Depuis 2006, Lily Allen a donc totalement disparu des pages Musique pour se retrouver systématiquement dans les rubriques People ou Faits divers. De ses amours tumultueuses à une fausse couche honteusement commentée, sur le ton “avec ce qu’elle prend, il fallait pas s’attendre à autre chose”, la chipie londonienne a tristement rejoint Amy Winehouse ou Pete Doherty parmi les trophées de cette battue sanguinaire.
Mais il ne faut pas oublier quelle teigne et quelle détermination animent la jeune Lily – elle n’a que 23 ans –, qui par exemple chassait un jour à coups de pieds des “fans” à la sortie de la BBC, les accusant de revendre ses autographes sur e-Bay. On n’a pas oublié un premier entretien où elle disait déjà : “Je ne vais pas laisser passer la chance d’être entendue.”
Il n’est donc pas étonnant de la voir de retour avec un album aux paroles courageusement intimes, au storytelling aussi vache que drôle, résolument inscrit dans une tradition anglaise qui a offert à Londres ses meilleurs guides touristiques : des Kinks aux Streets, de Ian Dury aux Libertines. Car Lily Allen n’est pas Paris Hilton ou Pea ches Geldof.

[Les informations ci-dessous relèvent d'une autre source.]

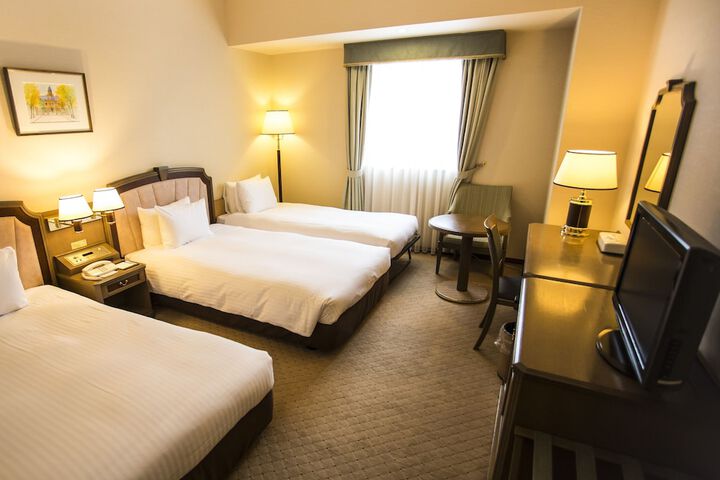 Room 5 of 62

Loin de se contenter d’un rôle de garce à cuillère d’argent dans la bouche, cette impressionnante boulette de volonté, control-freak avérée, a conçu un album triomphant, véritable bras d’honneur à ceux qui ne prenaient sa musique que pour un hobby huppé. Car c’est Londres qui résonne tout au long de ce It’s Not Me, It’s You, dans tout son joyeux foutoir, dans toutes ses collisions de musiques venues du monde entier s’échouer là. On se réjouit déjà qu’un album aussi perturbé et schizophrène – la liesse insouciante des mélodies, la noirceur inouïe des paroles – vienne bientôt troubler les sommets avachis de la pop occidentale. “Fuck you, fuck you, fuck you/Fuck you, fuck you, fuck you/Fuck you”, susurre un autre refrain.
ENTRETIEN >
Depuis la sortie de ton premier album, Alright, Still, tu as été très présente dans la presse. Mais plutôt dans les pages People ou Faits divers.
C’est exaspérant, pour quelqu’un comme moi qui aime tout contrôler, d’être à ce point trahi par son image publique. Je ne veux pas appartenir au domaine public, être utilisée, détournée… Je suis constamment suivie par des paparazzi (humiliation : il y en a bien qui attendent devant chez elle quand on sort de sa maison londonienne, mais aucun ne daigne nous photographier – ndlr). C’est un jeu absurde, le personnage Lily Allen est devenu plus gros que moi, c’est comme si on avait oublié le métier pour lequel je travaille tant : chanteuse.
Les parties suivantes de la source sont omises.